Cette unité/fusion, ce « nous » porteur de refondation historique, ne pourra se construire qu’au travers des formes de « démocratie radicale » en sens propre : la multiplication de collectifs de résistance et de luttes autonomes, rassemblant largement touTEs celles et ceux qui confrontéEs à la domination du capital, n’ont plus d’avenir et désespèrent, salariés, chômeurs, précaires, alternatifs, paysans, artisans, petits commerçants, indépendants, chercheurs, artistes, etc. C’est dans ces creusets que se dessineront les bases de ce mouvement populaire, quand ces collectifs seront dans l’action - car l’action précède la conscience - dans chaque quartier, dans chaque village et dans chaque cage d’escalier. Ils prendront d’abord en main les problèmes concrets auxquels le « peuple » est confronté, sans se borner aux séquences exclusivement électoralistes, quel qu’en soient les modèles les plus innovants.

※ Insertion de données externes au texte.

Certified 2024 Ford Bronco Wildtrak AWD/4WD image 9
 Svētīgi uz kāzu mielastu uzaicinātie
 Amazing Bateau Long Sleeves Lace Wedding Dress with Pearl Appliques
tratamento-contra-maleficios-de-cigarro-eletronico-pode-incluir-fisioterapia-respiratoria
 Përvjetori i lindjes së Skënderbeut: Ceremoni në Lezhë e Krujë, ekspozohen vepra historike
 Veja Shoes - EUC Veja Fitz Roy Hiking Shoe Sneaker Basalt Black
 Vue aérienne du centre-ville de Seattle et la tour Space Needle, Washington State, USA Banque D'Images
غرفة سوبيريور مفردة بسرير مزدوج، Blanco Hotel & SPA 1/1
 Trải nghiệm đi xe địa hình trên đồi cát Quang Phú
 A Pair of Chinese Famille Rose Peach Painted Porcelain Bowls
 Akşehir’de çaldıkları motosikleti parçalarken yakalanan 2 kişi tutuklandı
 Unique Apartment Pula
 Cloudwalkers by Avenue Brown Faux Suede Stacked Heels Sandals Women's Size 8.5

C’est ce « mouvement » qui permettra le dépassement de toutes les divisions imposées aux classes populaires par la dictature du capital et de l’impérialisme, de toutes les compromissions qu’ils imposent et offrent ainsi des espaces à l’extrême droite.
Les nouvelles gauches détestent les politiques institutionnelles et les jeunes détestent massivement les politiciens professionnels
La reconnaissance et le rapprochement avec les formes concrètes d’alternatives à caractères anti-capitalistes, qui foisonnent aujourd’hui, en dehors de tout processus électoral et donc, en dehors des structures politiques classiques est un enjeu tout aussi déterminant, qu’un improbable « succès » électoral.
L’action politique se développe aussi et même surtout loin du champ clos de la politique institutionnelle et en dehors des campagnes électorales hallucinogènes. Sans les négliger, on n’ y engrangent que le travail qui a été fait avant, en dehors justement du temps électoral particulièrement stérile et mortifère. Ce fourmillement pose des problèmes d’orientations stratégiques nouvelles et ringardise définitivement toutes ces « organisations », dans lesquelles, il suffit de désigner le chef, car à la fin c’est lui qui décide. On ne leur fera pas le coup du "sauveur suprême".
Puisque nous sommes en période électorale « il faut malgré tout se poser la question de la manière d’en tirer le meilleur parti au regard de la poursuite de ses propres fins » : Une vaste mobilisation populaire avec des airs « d’indignados » qui nous manque tant pour imposer une « unité » populaire, avec ses comités de base autonomes, ouverts à toutes et à tous en mesure de dépasser par l’action collective « le dégoût que peut nous inspirer le fonctionnement du système électoral sous le régime de la manipulation médiatique de masse ». C’est à la constitution de ces comités « d’ union populaire » qui faut appeler sans attendre, c’est à eux de désigner leurs représentants à tous les niveaux avec des conditions de révocabilité qui ne leur permettraient pas de s’affranchir du contrôle de leurs mandantEs. C’est la seule façon de se débarrasser des logiques partisanes et personnelles qui poussent la majorité du peuple à l’abstention et à la résignation face au pire.